Comes Kubernetes and Google’s experience from running containers for a decade, plus a community striving to find a better way to orchestrate. The smallest unit deployable is a Pod (which can be one or more containers) because it makes sense grouping elements logically (counter intuitive, isn’t it?). A scheduler will place Pods on the cluster: placement like pretty much anything else will be handled through labels (metadata). It will be responsible to place Pods based on their resource requirements or other constraints. Services will expose endpoints in the cluster. A controller will take care of scaling, self healing. Deployments can be rolled back. Kubernetes can store app configurations and secrets to make them available cluster wide. Batch jobs can easily be run on the cluster. All cluster components are highly available in production conditions, so can be the services you deploy on said cluster.
A lot of ideas and approaches, simple and/or complex, good and/or bad, led to a system that found a resonance with the community and more importantly with the business.
Kubernetes is everywhere, it is slowly drifting towards the “boring” tech now that the orchestrator wars are settled, and I mean that in the best way. “Boring” here means people are now looking at building yet more abstraction layers on top of containers and orchestration. The hot topics are security, monitoring, tracing, serverless, … What we have right now is so powerful, trying it means there is no turning back. But there is more to come on many fronts and I can not wait to see how it is all going to evolve.

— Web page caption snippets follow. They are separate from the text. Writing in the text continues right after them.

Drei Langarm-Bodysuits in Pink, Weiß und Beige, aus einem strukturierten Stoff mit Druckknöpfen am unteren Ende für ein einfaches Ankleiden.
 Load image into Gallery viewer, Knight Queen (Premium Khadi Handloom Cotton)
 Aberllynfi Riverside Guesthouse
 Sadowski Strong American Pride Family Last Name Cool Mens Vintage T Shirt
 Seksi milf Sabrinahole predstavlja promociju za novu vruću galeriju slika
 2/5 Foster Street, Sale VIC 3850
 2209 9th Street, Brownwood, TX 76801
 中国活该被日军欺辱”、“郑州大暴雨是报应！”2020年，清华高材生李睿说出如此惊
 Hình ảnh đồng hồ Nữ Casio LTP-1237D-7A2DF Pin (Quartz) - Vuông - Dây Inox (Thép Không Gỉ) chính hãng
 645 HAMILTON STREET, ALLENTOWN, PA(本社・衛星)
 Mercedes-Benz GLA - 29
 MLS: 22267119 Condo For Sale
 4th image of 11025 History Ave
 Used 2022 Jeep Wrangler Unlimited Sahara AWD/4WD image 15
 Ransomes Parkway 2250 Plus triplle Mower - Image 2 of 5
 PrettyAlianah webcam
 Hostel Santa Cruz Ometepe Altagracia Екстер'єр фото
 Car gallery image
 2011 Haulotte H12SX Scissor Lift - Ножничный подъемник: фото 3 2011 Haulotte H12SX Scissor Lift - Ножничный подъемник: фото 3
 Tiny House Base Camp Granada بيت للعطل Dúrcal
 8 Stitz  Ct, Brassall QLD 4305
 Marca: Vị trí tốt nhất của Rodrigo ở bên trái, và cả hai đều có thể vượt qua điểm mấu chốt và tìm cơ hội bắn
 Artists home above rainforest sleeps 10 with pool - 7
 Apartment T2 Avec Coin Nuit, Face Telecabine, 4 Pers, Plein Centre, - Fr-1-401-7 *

If you are contemplating moving to containers, you should, even your legacy apps would benefit from being containerized and gain immediate portability to where-ever containers can be run: pretty much anywhere. Simple? Maybe not. Worth it? Definitely!
If you go down the container road, orchestration will be your very next stop. There are many vendors, platforms, clouds to choose from, a lot of them decided to go with Kubernetes as orchestrator. So if you wish to invest your time efficiently and wisely, get to know Kubernetes.